CemAcpt

CemAcpt is an acceptance testing library / command line application for running acceptance tests for the CEM modules.

CemAcpt uses Terraform for provisioning test nodes, and Goss to execute acceptance tests. For provisioning nodes in GCP, CemAcpt also uses the gcloud CLI.

Installation

gem install cem_acpt

cem_acpt was developed using Ruby 3.2.1, but other Ruby versions >= 3.0.0 should work.

Usage

Quickstart

Make sure Terraform and the gcloud CLI are installed and in your PATH. Instructions for installing Terraform can be found here and instructions for installing the gcloud CLI can be found here.Then, navigate to the root of the cem_linux module and run the following command:

cem_acpt --config ./cem_acpt_config.yaml

Command-line

cem_acpt -h | --help
cem_acpt_image -h | --help

If you do not delete Gemfile.lock before running bundle install, you may encounter dependency version errors. Just delete Gemfile.lock and run bundle install again to get past these.

Test directory structure

CemAcpt expects a specific directory structure for your acceptance tests. The directory structure is as follows:

spec
└── acceptance
    └── <framework>_<os>-<version>_firewalld_<profile>_<level>
        ├── goss.yaml # Goss test file
        └── manifest.pp # Puppet manifest to apply

For example, the following directory structure would be valid:

spec
└── acceptance
    └── cis_rhel-8_firewalld_server_2
        ├── goss.yaml
        └── manifest.pp

The directory name is used to generate test data. See Test data for more information. The file goss.yaml is used as the Goss test file. The file manifest.pp is used as the Puppet manifest to apply.

Configuration

There are several ways to configure CemAcpt which are outlined below in order of precendence. Options specified later in the list will be merged with or override options specified earlier in the list. If an option is specified in multiple places, the last place it is specified will be used.

Environment variables
User-specific config file
Config file specified by --config option
Command-line options

You can view your working config by adding the -Y flag to any command. This will print the merged config to STDOUT as a YAML document. You can also use the -X flag to print an explanation of how the config was merged.

Environment variables

Environment variables are the most basic way to configure CemAcpt. They are useful for setting sensitive information like API keys or passwords. Environment variables are prefixed with CEM_ACPT_ and are converted to the nested structure of the config file, if applicable. Double underscores (__) are used to separate key levels. For example, the environment variable CEM_ACPT_NODE_DATA__DISK_SIZE=40 would be converted to the following config:

node_data:
  disk_size: 40

All environment variables are optional. If an environment variable is not set, the value will be taken from the config file or command-line option. If an environment variable is set, it will be overridden by the same value from the config file or command-line option.

Config file

The most common way is to create a config file and pass it to CemAcpt using the --config option. The config file should be a YAML file. See sample_config.yaml for an example.

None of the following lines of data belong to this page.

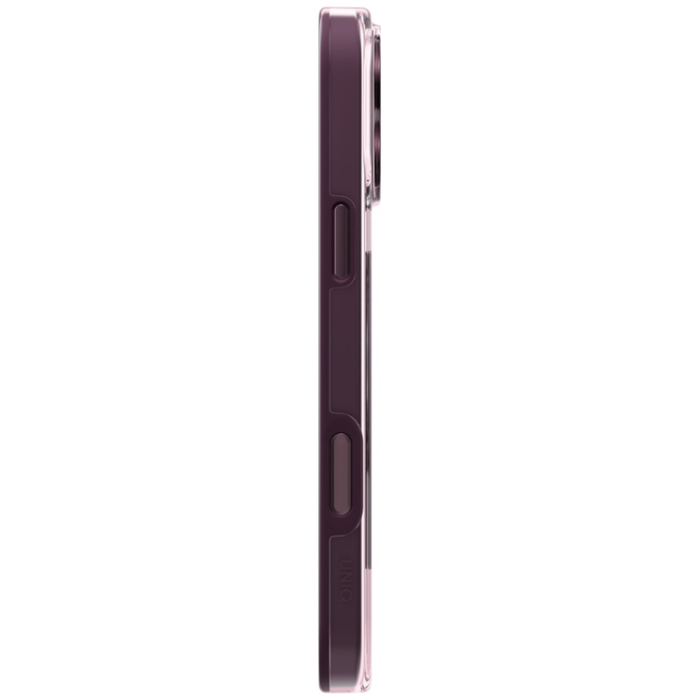 UNIQ - Uniq Mobilskal för iPhone 18 Pro Max/17 Pro Max MagSafe Clario - Eco Lila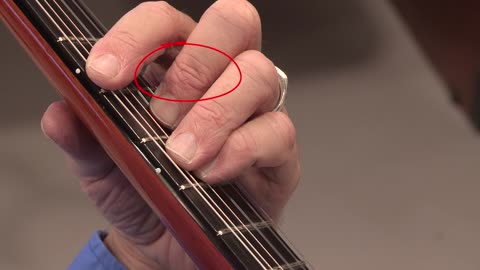Tech Tip Collapse Left-Hand Tip Joints Video #8: Prelude from Cello Suite No. 1 (Bach)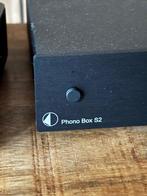 Aangeboden Pro-Ject Phono Box S2 voorversterker zwart, Ophalen of Verzenden, Zo goed als nieuw, Platenspeler-onderdeel, Overige merken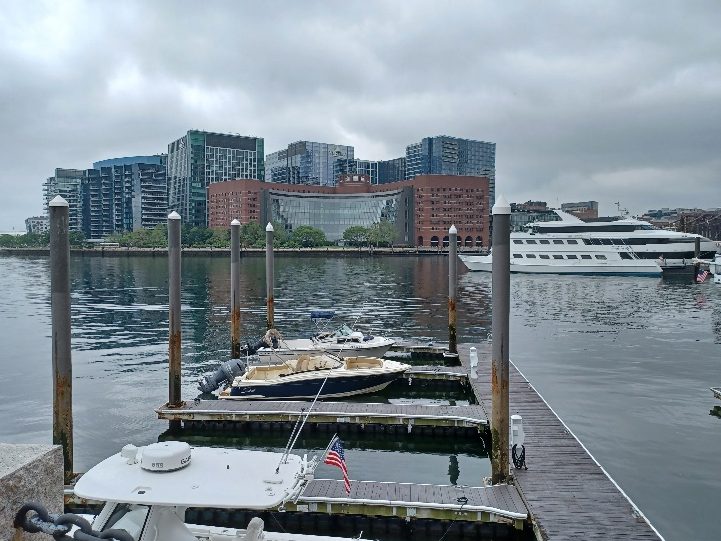 John Joseph Moakley US Courthouse on Fan Pier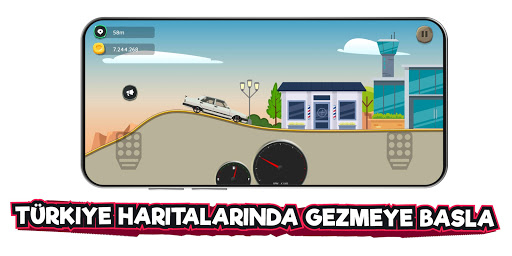 2D Araba Serisi Modifiye Oyunu ekran görüntüsü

You can also create a user-specific config file at $HOME/.cem_acpt/config.yaml. This file will be merged with the config file specified by the --config option. This is useful for storing sensitive information or making config changes that you don't want to commit to a repo.

Options set in the user-specific config file will be overridden by options set in the config file specified by the --config option. Both config files will override options specified by environment variables.

Command-line options

CemAcpt can be configured using command-line options. These options are specified using the --<option> syntax. For a full list of options, run cem_acpt -h. Options specified on the command-line will override options specified in the config file and environment variables.

Tracing

To aide in development, you can enable tracing on CemAcpt's Ruby code execution by using the --trace flag. Traces are logged only for events executed by CemAcpt code itself, and the logger code is exempt from tracing. CAUTION Tracing produces a lot of logs and it's advised to only use it when logging to a file. Additionally, the specific trace events that are logged can be specified using the --trace-events flag. Tracing is enabled by the TracePoint class.

Goss

Goss is the core infrastructure testing tool used by CemAcpt. The goss.yaml file is used to specify the tests to run. Please see the Goss documentation for more information on how to write Goss tests.

Terraform

CemAcpt uses Terraform for managing the lifecycle of test nodes. Users don't interact with Terraform directly, but you will need it installed to use CemAcpt.

Bolt task testing

CemAcpt can execute Bolt tasks against the test nodes and perform basic validation against their status and outputs.

Configuring Bolt tests

Bolt tests expose the following configuration options that can be set via a config file:

bolt.inventory_path - A relative or absolute path to an existing inventory file, or the where the inventory file will be created
bolt.project.name - The name of the Bolt project to be created and used during the Bolt tests
bolt.project.analytics - Whether or not to enable Bolt analytics. Should normally be false.
bolt.project.path - A relative or absolute path to an existing project file, or where the project file will be created
bolt.tests.only - An array of acceptance tests to only run Bolt tests for. When acceptance test names are specified here, Bolt tasks will only be ran against the nodes created for those acceptance tests.
bolt.tests.ignore - An array of acceptance tests to not run Bolt tests for. When acceptance test names are specified here, Bolt tasks will not be ran against the nodes created for those acceptance tests.
bolt.tasks.only - An array of Bolt tasks to only run against nodes. Bolt tasks not listed here will not be ran.
bolt.tasks.ignore - An array of Bolt tasks to not run against nodes. Bolt tasks specified here will not be ran at all.
bolt.tasks.module_pattern - If specified, will only run Bolt tasks whose module prefix matches the specified pattern will be ran. The module prefix is the first part of the full task name before the first ::. This option is interpreted as a RegEx pattern. For example, if bolt.tasks.module_prefix is set to ^our_module, and our we have two tasks, our_module::the_task and other_module::another_task, only our_module::task will be ran.
bolt.tasks.name_filter - Similar to module_pattern, but works on the portion of the task name after the module prefix and is exclusionary. For example, if bolt.tasks.name_filter is set to ^another_, and our we have two tasks, our_module::the_task and other_module::another_task, only our_module::the_task will be ran.

Creating Bolt tests

Bolt tests are not mandatory as all Bolt tasks that run will automatically be validated based on if they run successfully or not. However, sometimes we may want to test certain aspects of a Bolt task's output or pass a Bolt task parameters. To do this, we need to create a Bolt test file.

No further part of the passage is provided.